Use when: you have limited calibration data (a few thousand examples), the model is a single estimator, and you want a simple, auditable fix.
Isotonic regression
Fit a non-decreasing step function instead of a sigmoid:
from sklearn.isotonic import IsotonicRegression
cal = IsotonicRegression(out_of_bounds="clip")
cal.fit(val_scores, val_labels)
calibrated_probs = cal.predict(test_scores)
No parametric assumption. Can fit any monotone relationship between score and outcome rate. The cost: it has more degrees of freedom and will overfit on small calibration sets. Cross-validate on a held-out split — not the training data, not the eval set you measured AUC on.
Use when: you have a large calibration set (tens of thousands), the model's miscalibration is nonlinear or asymmetric, or you're calibrating an ensemble whose score distribution is irregular.
The result
| Metric | Before | After (Platt) | After (Isotonic) |
|---|---|---|---|
| Brier score | 0.142 | 0.089 | 0.081 |
| ECE (10 bins) | 0.118 | 0.023 | 0.019 |
| Log loss | 0.431 | 0.298 | 0.287 |
| AUC-ROC | 0.934 | 0.934 | 0.934 |
AUC is unchanged — calibration is a monotone transform, so it cannot affect ranking. But Brier score drops by 37% and ECE drops by 80%. The model now means what it says.
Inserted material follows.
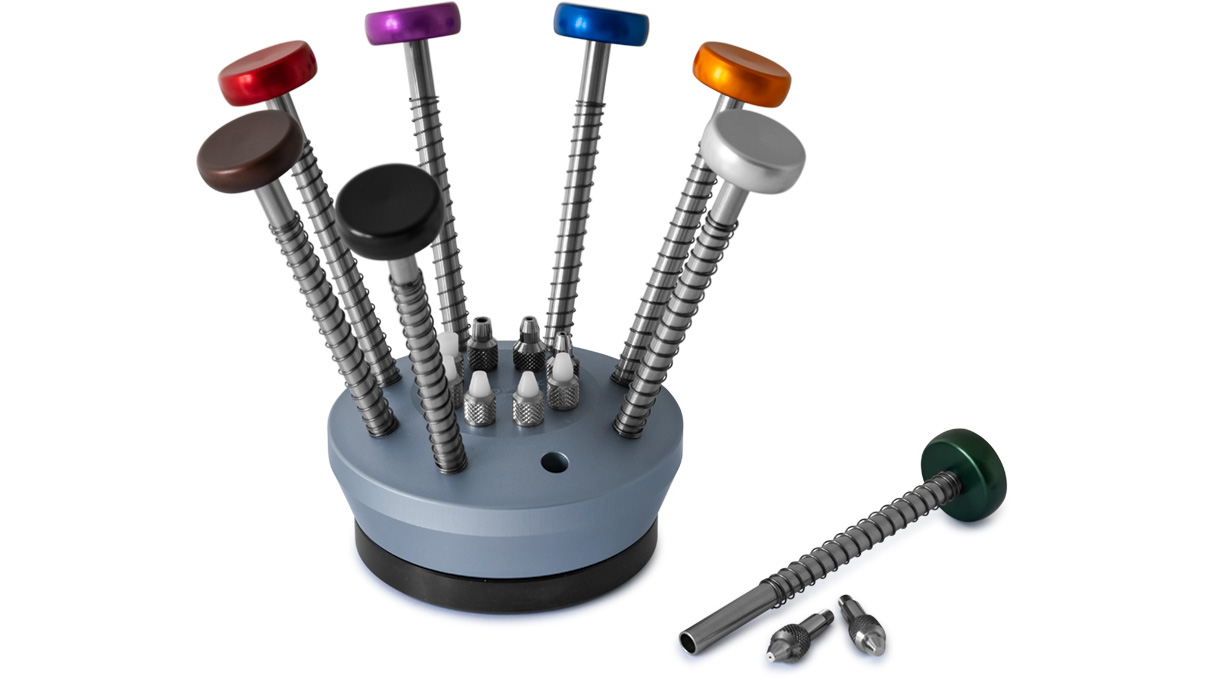 Broschensatz auf Drehsockel für Pressstock zum Zeigersetzen PA2/3/4N, 8 Broschen und 10 Einsätze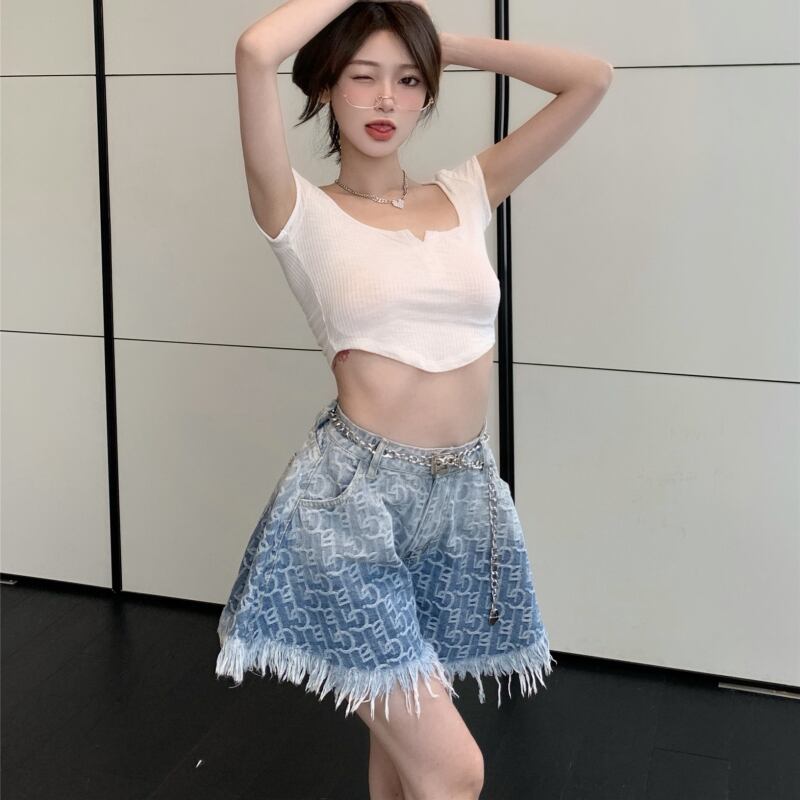 サマージャカードショーツ ルーズスカート パンツ 夏物 ブルマー ドラファッションホール74160799197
The part people skip: measuring calibration in production
Calibration degrades silently. The model's ranking quality — AUC — can stay flat while the calibration drifts, because ranking only requires the order to be preserved. A score shift of +0.1 across the board doesn't change a single AUC calculation. It does change every threshold decision and every downstream expected-value calculation.
The right monitoring setup: track ECE on a rolling window of labeled outcomes. Outcomes arrive with delay in fraud (chargebacks take 30–90 days), so you need a lagged monitoring pipeline. When ECE rises above some threshold, trigger recalibration — not retraining. Recalibration is cheap. You're fitting two parameters (Platt) or a step function (isotonic) on recent data. You don't need to retrain the base model.
Cohort calibration: the harder problem
A model calibrated on the overall population may be miscalibrated on subpopulations. A fraud model trained on US transactions may have well-calibrated scores in aggregate while systematically underscoring fraud in a new geography where the feature distributions differ. The base model is not wrong — its ranking may still be good — but the implied probabilities are wrong for that cohort.
The fix is the same: fit a separate calibrator per cohort on recent labeled data from that cohort. This requires enough labels per cohort, which is the real constraint. If a cohort is too small for reliable calibration, fall back to the global calibrator and flag the uncertainty.
Implementation
The calibration code behind this post is in calibrate-ml: Platt scaling, isotonic regression, ECE computation, and reliability diagram generation. The companion eval repo, ml-eval-report, handles Brier score, log loss, and the full threshold sweep.
↗ shadowmodder/calibrate-mlThe most important thing: run this on your current production model before doing anything else. The reliability diagram takes ten lines of code and a held-out labeled dataset. If the points are on the diagonal, you're fine. If they're not — and they usually aren't — you now know what you're dealing with.